Below are some of the stats I collected from a server over a 3 day period. The PAL report was run with a 5 minute interval. All the alerts below are warnings. Aside from disk, can someone conclude from Memory Pages Input/sec (Alerts: 630) that there is a memory shortage? Thanks

 

Processor

Processor Utilization Analysis (Alerts: 0)

Processor Queue Length (Alerts: 0)

Privileged Mode CPU Analysis (Alerts: 27)

High Context Switching (Alerts: 0)

Excessive Processor Use by Processes (Alerts: 0)

Interrupt Time (Alerts: 0)

Network

Network Utilization Analysis (Alerts: 0)

Network Output Queue Length Analysis (Alerts: 1)

Memory Committed Bytes (Stats only)

Disk

Physical Disk Read Latency Analysis (Alerts: 94)

Physical Disk Write Latency Analysis (Alerts: 0)

Logical Disk Read Latency Analysis (Alerts: 2)

Logical Disk Write Latency Analysis (Alerts: 0)

Disk Free Space for a Kernel Dump (Alerts: 0)

Process IO Data Operations/sec (Alerts: 18)

Process IO Other Operations/sec (Alerts: 554)

LogicalDisk Disk Transfers/sec (Alerts: 0)

Memory

Free System Page Table Entries (Alerts: 0)

Pool Non Paged Bytes (Alerts: 0)

Pool Paged Bytes (Alerts: 0)

Available Memory (Alerts: 3)

Memory Pages/sec (Alerts: 2)

Memory Leak Detection (Alerts: 0)

Handle Leak Detection (Alerts: 0)

Process Thread Count (Alerts: 0)

High Virtual Memory Usage (Alerts: 0)

Process Working Set (Alerts: 0)

Memory System Cache Resident Bytes (Alerts: 1)

Memory Pages Input/sec (Alerts: 630)

Memory Percent Committed Bytes In Use (Alerts: 0)

 

 

Coordinator
Nov 24, 2009 at 8:34 AM

I have learned a lot after I initially wrote the PAL tool, but I have not updated the threshold files in PAL v1.x yet.

Page Inputs/sec accounts for all hard page faults, but not necessarily to the page file. This means that the hard page faults could be something as simple as backup software reading a memory mapped file. See my blog article, "The Case of the Phantom Page Faults" at http://blogs.technet.com/clinth/archive/2009/07/16/the-case-of-the-phantom-hard-page-faults.aspx.

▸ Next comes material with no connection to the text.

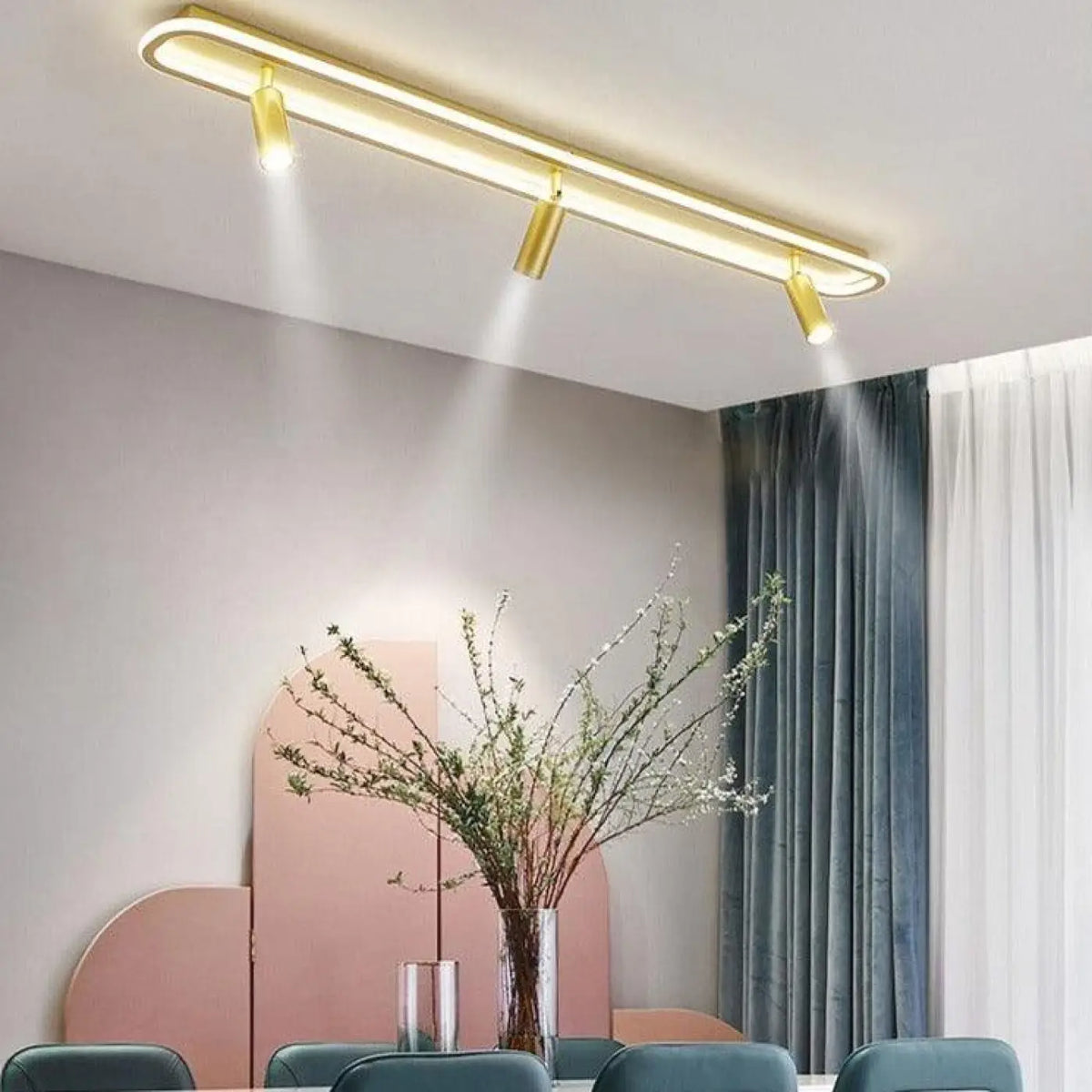 Plafonnier Multiple à Plusieurs Lampes – Todia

There is no *easy* way to determine if a Windows computer is really running out of memory because of how it can trim working memory to the page file to reuse RAM. I met with the Windows product team last month and recommended new counters to be added to Windows to show page *file* reads/sec and write/sec, so we can actually get a better idea of when the computer is running out of memory. For now, we have to just look at the Available MBytes counter. If Available MBytes is less then 100MBs or less then 10% of RAM, then the computer is likely running out of RAM. If Pages/sec increases dramatically when Available MBytes goes down, then that is another clue, but not direct evidence.

When the computer runs out of RAM, the kernel will trim the working sets (RAM used by processes) and page them out. If the Commit Charge (all committed memory on the computer) gets close to the Commit Limit (RAM + page file(s)), then the computer will fail to allocate memory or the system will expand the page file which could lead to page file fragmentation.

If your company has a Microsoft Premier Support contract, then consider the Vital Signs workshop. It's a Windows architecture workshop that I teach that focuses on performance analysis.